Task statement ▸
Review the listing and copy each line that holds the word "href".

- Opening Delimiter -

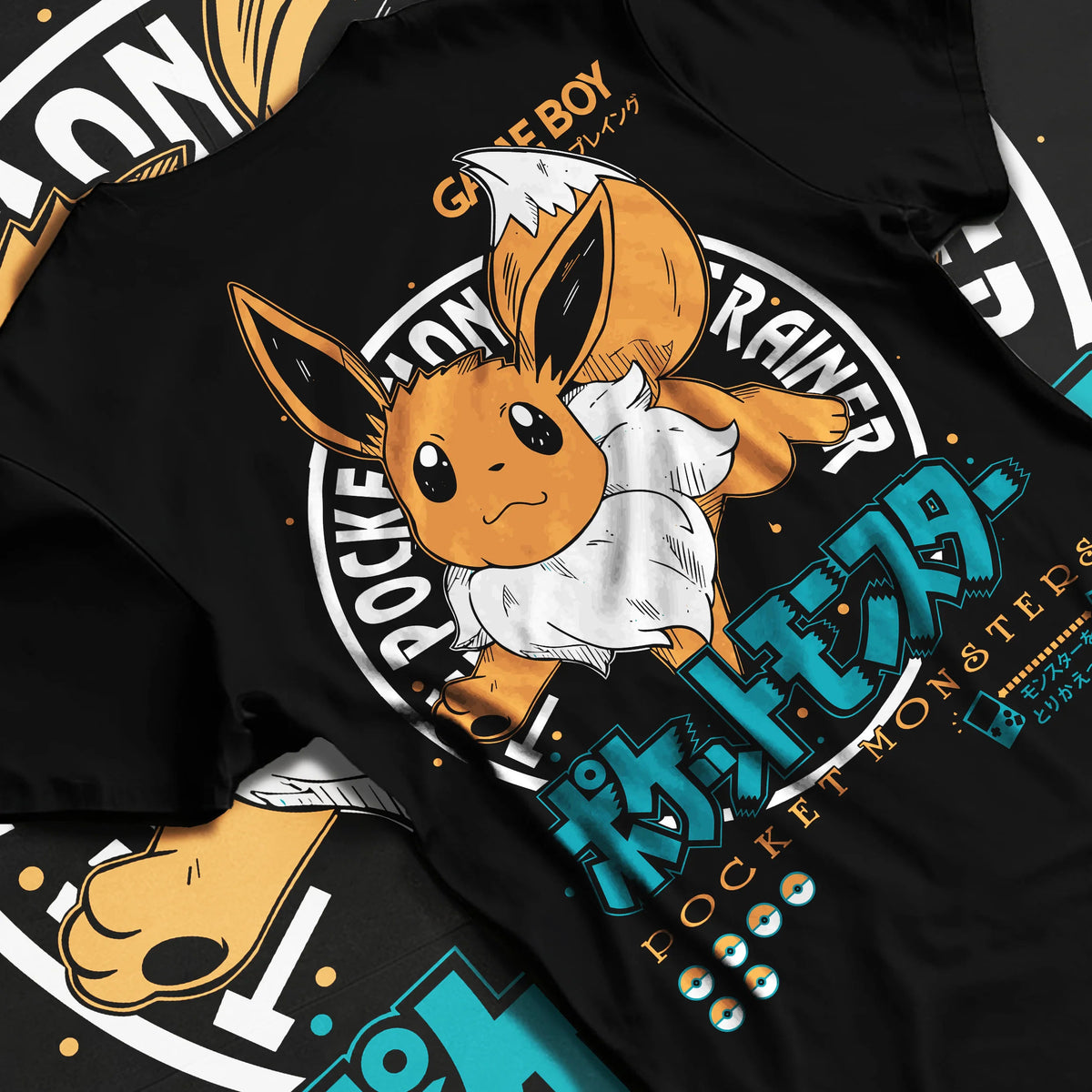 Black T-shirt flat back view showing Eevee from Pokémon: Pokémon cartoon with orange circular motif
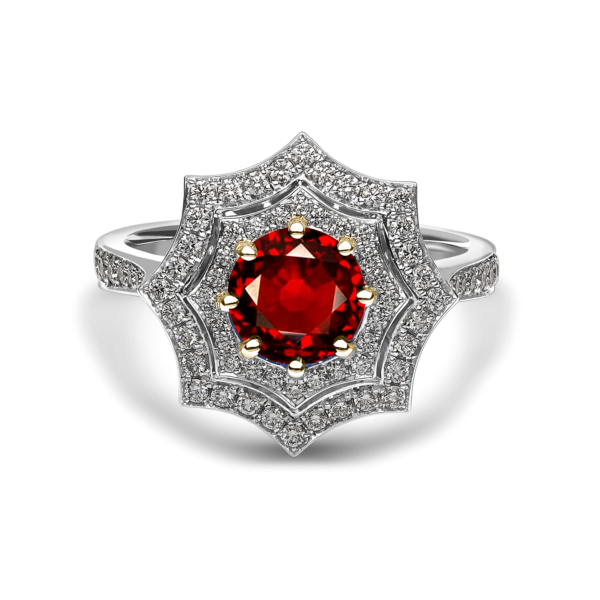 Red Spinel Double Spider Web Dress Ring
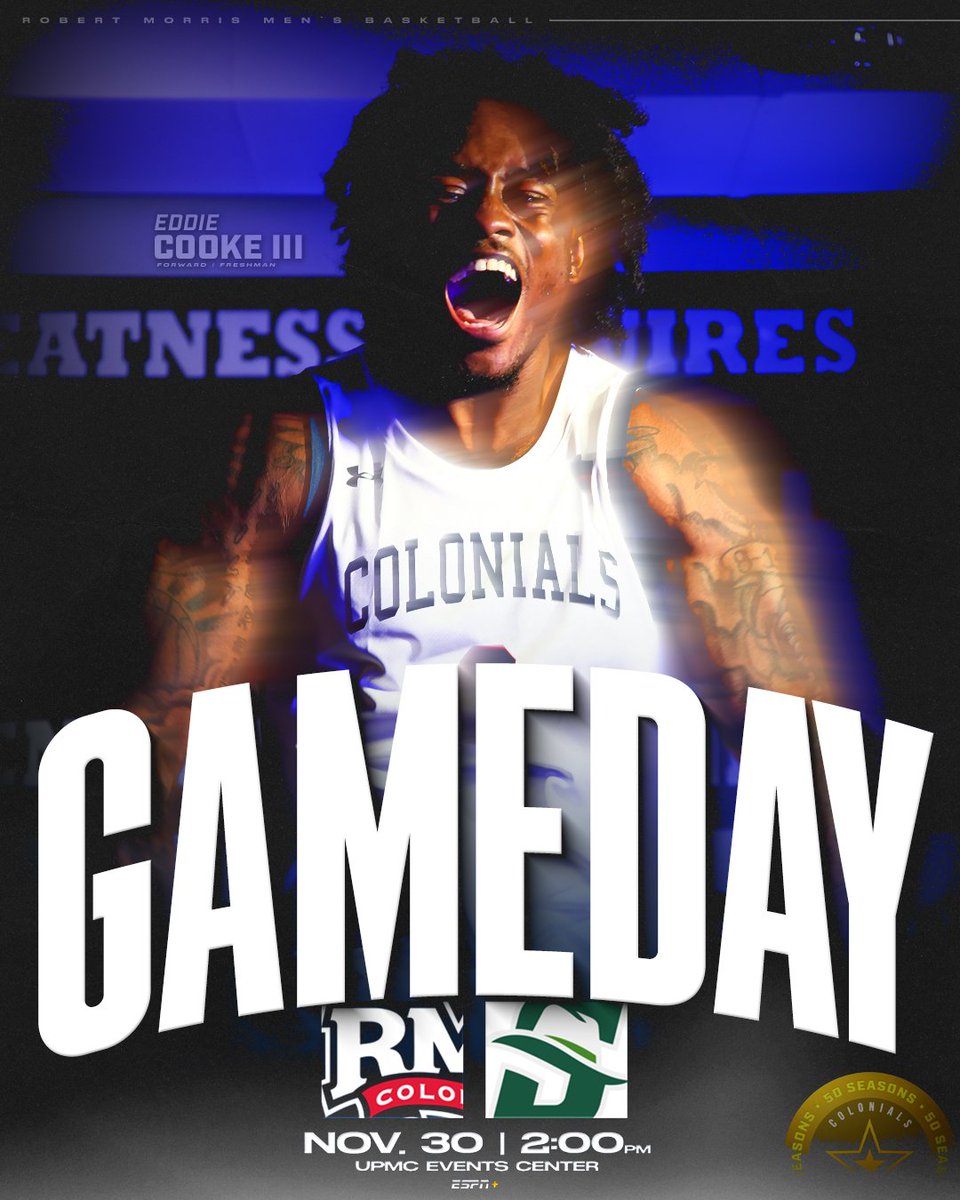 It’s 𝗚𝗔𝗠𝗘𝗗𝗔𝗬‼️
🆚: Stetson
🏆: Urban Bennett-Invitational
🏟️: <a href="/UPMCEventsCtr/">UPMC Events Center</a>
📍: Moon Township, Pa.
 🕑: 2 p.m.
🗣️: <a href="/chrisshovlin/">Chris Shovlin</a> | <a href="/colonialsradio/">RMU Colonials Radio & ESPN+</a>
📻: stream.radio.co/s521a8e223/lis…
💻: espn.com/watch/player/_…
📊: bit.ly/RMUMBBStats
🎟️: bit.ly/RMUMBBTix
#⃣: #GRIT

- Closing Delimiter -

Result below ▸
🏟️: <a href="/UPMCEventsCtr/">UPMC Events Center</a>
🗣️: <a href="/chrisshovlin/">Chris Shovlin</a> | <a href="/colonialsradio/">RMU Colonials Radio & ESPN+</a>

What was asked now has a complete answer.